近くの病院から褥瘡ドックで紹介入院になった患者さんがいました。その患者さんは予定通り1か月間の入院中に予防法や治療法を立案し褥瘡を治療していきました。いつものように、それらの内容を写真とともにレポートとして作成し退院時にお渡ししてもとの病院に転院されたところ、転院先で、当院のやり方を他の入院患者さんにも実践していただいたことで、その後その病院での褥瘡発生を少なくすることに役立ったというお話を聞きました。こうしたことは「地域連携」の力だと感じました。私たちはこのように褥瘡に対するよりよい処置について、地域で共有していくことを目指さなければと思いました。

褥瘡への対応方法

一方で、医療機関を移動することで褥瘡に対する処置が変わってしまい、再び褥瘡ができてしまうこともあります。たとえば、褥瘡ドックで治癒してもとの施設へ退院した方が、半年後にさらに別の施設へと転々としているうちに、当院初診時とほぼ同じ部位に褥瘡ができ、再度当院へ紹介されることもあると考えられます。いくつかの医療機関への入退院を繰り返すうちに、褥瘡の予防のために用意したクッションはなくなり、どこにクッションを当てるかを説明した写真やレポートを用意していたとしても、その対処は続けられていないと考えられることもあります。

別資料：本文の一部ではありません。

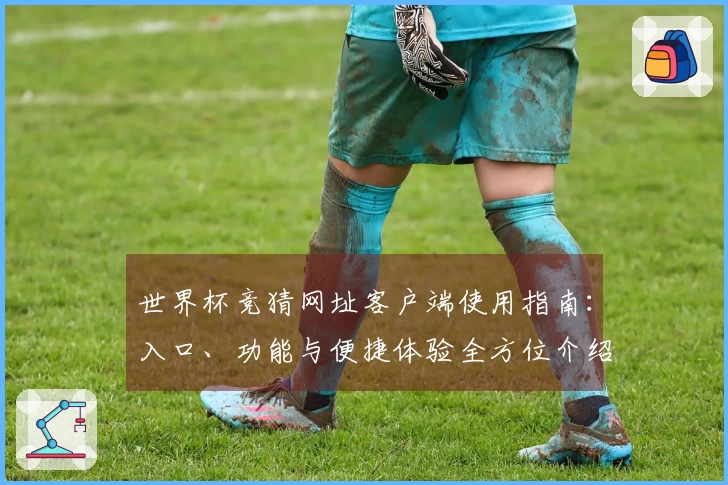世界杯竞猜网址客户端使用指南：入口、功能与便捷体验全方位介绍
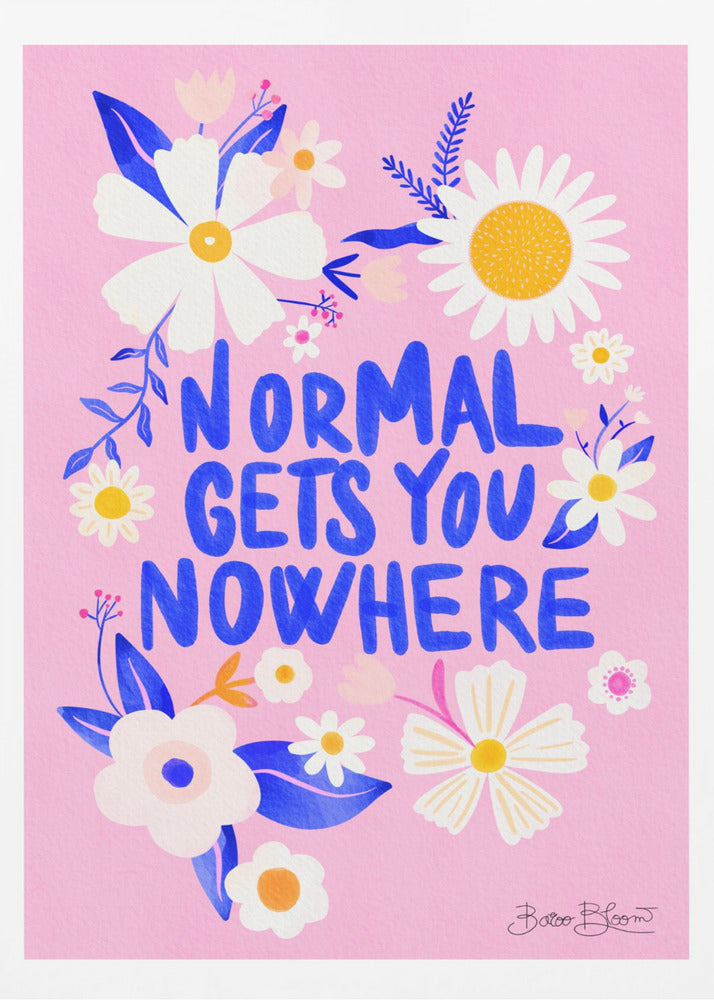 La normalité ne mène nulle part | Posters - Affiche Artistique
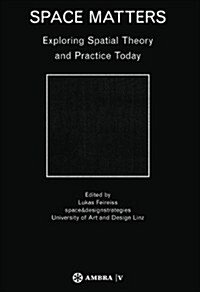 Space Matters: Exploring Spatial Theory and Practice Today (Paperback)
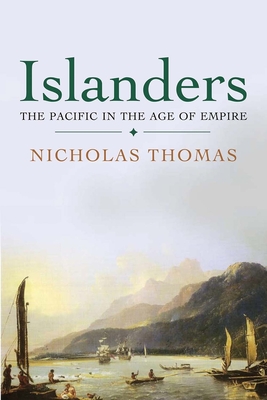 Islanders: The Pacific in the Age of Empire Cover Image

▲左の状態で自宅から当院へ入院された患者さんは、95日間の入院で右の状態となり施設へ転院しました。その際クッションをどこに使用するかなどを申し送りました。 

床ずれの症状

▲車いすでの座位時やギャッジアップ時には尾骨に力がかかり、仰臥位時には右仙腸関節部に力が加わることがわかっていたものの、再発がみられた例

褥瘡医療はここ20年で急激に進歩して円座の使用や2時間ごとの体位変換が褥瘡予防に有用など、以前の常識も否定され大きく変化してきました。以前の褥瘡の知識で褥瘡医療に携わっている医療従事者は少なくなったかもしれませんが、残念ながら近年の褥瘡予防の実際が医療・介護の現場に十分に浸透し、実践されているとはいえないとも考えられます。褥瘡発生のリスクがあるかをまず評価してリスクのある方に対しては、褥瘡が発生する前から予防を行うことがとても重要です。対策をとったとしても不幸にして褥瘡が発生した場合は、予防を実践した上で治療にあたります。そして褥瘡が治ったあとも継続して褥瘡の予防をし続けることが必要です。しかし、体圧分散寝具やクッションなどの資源が不足していると、褥瘡を有する患者さんへの対応を手厚くするために褥瘡が治癒した患者さんの対応が手薄になりがちです。その結果、時間をかけて治癒したのにもかかわらずあっという間に再発することが起きてしまうことがあります。1つの病院だけで褥瘡予防や教育を行って成果を上げても同じ医療圏の褥瘡の予防治療水準を上げなければ、治癒した褥瘡も再発して元の状態に逆戻りしてまいます。地域連携とは、単なる患者さんの紹介による移動ではなく褥瘡予防の水準が同じになるように知識や技術を啓蒙し伝えていくこと、すなわち教育の連携ではないかと考えています。こうした地域連携が生まれるようこれからも取り組みを続けていきたいと考えています。